Neredeyse 10 gün oldu sosyalliğin final saatinin 22.00 olmasının... Mekancıların tepkileri yüksek! Aslına bakarsanız haklı tarafları da oldukça fazla. Peki kendileri yeni normale yeterli dönüşümü sağladı mı?
Geniş çaplı aşı araştırmalarının olumlu sonuçlandığı haberi bile bu kışın kara geçeceğini engelleyecek gibi durmuyor. Dünya yavaş yavaş kapanmaya hazırlanıyor. Ama bu kapanma Türkiye’nin virüsün ilk döneminde uygulayıp, başarılı olduğu ‘kısmi’ olacağa benziyor. Saatlerin kısıtlanasının belli bir yığılma ya da işletme zararlarına sebep olacağı bir gerçek. Peki yıllardır eğitilemeyen müşteri yeni normal fırsatıyla eğitilemez mi? Dünyadaki her iyi restoran gibi müşteri seans rezervasyon sistemine mecbur tutulamaz mı?

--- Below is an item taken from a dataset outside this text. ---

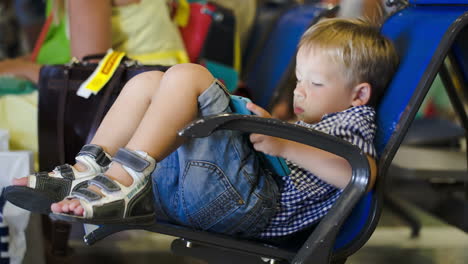 el chico se divierte con el pad en la sala de espera.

Covid-19 obsesifleri umursamazlardan korkuyor!
Yeni normalin kalıcı etkilerinden biri de ‘Türk tipi sosyalliğin’ tarih olacağı. Basık tavan, sıkış tıkış mekanlarda, eski Şamdan-vari ambiyansların salgın geçtikten sonra dahi var olması imkansız. ‘Bir şey olmazcı’ müşteriler olduğu kadar, Covid-19’un obsesif yaptığı en büyük güvensizliğin mekanların önlemlerinden çok bu umursamaz tipler yüzünden sosyal mesafenin tartışmalı olduğu mekanları hayatından çıkartacak nitelikli güruh var.
TURYİD kendini anlatamıyor mu?
Maalesef ki sorun restoranların önlemleri değil, müşterilerin dikkatsizliği. Restoran içi kurallar da keskin olmadığı için müşterisine velinimet gözüyle bakan personel uyarı dahi yapmaya çekiniyor. Nasıl ki havacılık sektörü kendi güvenlik bariyerlerini Sağlık Bakanlığı tavsiyeleri altında uygulayabiliyorsa, restoranlar bunu çok daha kolay yaşatabilir.
TURYİD’in bu konuda kendini anlatamadığını ya da yeterince dinlenmediğini tahmin ediyorum. Kaya Demirer başkanlığında, Cem Mirap, Gamze Cizreli ve Barış Tansever gibi deneyimli isimlerin olduğu bu yönetim kurulundan müşterilere yeni normal adabı muaşeretine dair bir fikir çıkmadığına inanmak istemiyorum.
Kış döneminde, kapalı alanlarda restoran girişinden sonra müşterilerin nasıl davranması gerektiğinin kırmızı çizgileri, Sağlık Bakanlığı’nca net şekilde çizilmeli.
İkinci kuşaktan çıkan hayalet iş başında...
Bu kapanmalara karşı restorancılık sektörünü bir nebze olsun paket servisler ayakta tutuyor. O ilk dönemki şef olma isteğinden herkese bıkkınlık geldi.
Hem restorana gitmeye korktukları hem de restoran kalitesinde eve yemek söylemek isteyenler için ‘Ghost’, yani hayalet mutfakların sayısı gün geçtikçe artıyor. Geçen ay Miami’de kurulan bu tip konseptleri bu sayfada yazmıştım. Türkiye’de de hayalet restoranlar yavaş yavaş kendini göstermeye başlıyor.
Bunlardan adını en fazla duyduğum ise Chop’t. Bu kadar sıklıkla duymamın sebebi Türk yeme-içme dünyasını sektöre dönüştüren en önemli aktörlerden Doors’un sahibi Büyükuğur Ailesi’nin ikinci kuşak temsilcisi Can Büyükuğur’un girişimi olması. Restoran kurgusunu sağlık üzerinde bütünleştiren Büyükuğur, New York’ta yaşadığı yıllarda bu girişime hazırlandığını ve pandeminin kendisine fırsat olduğunu belirtti.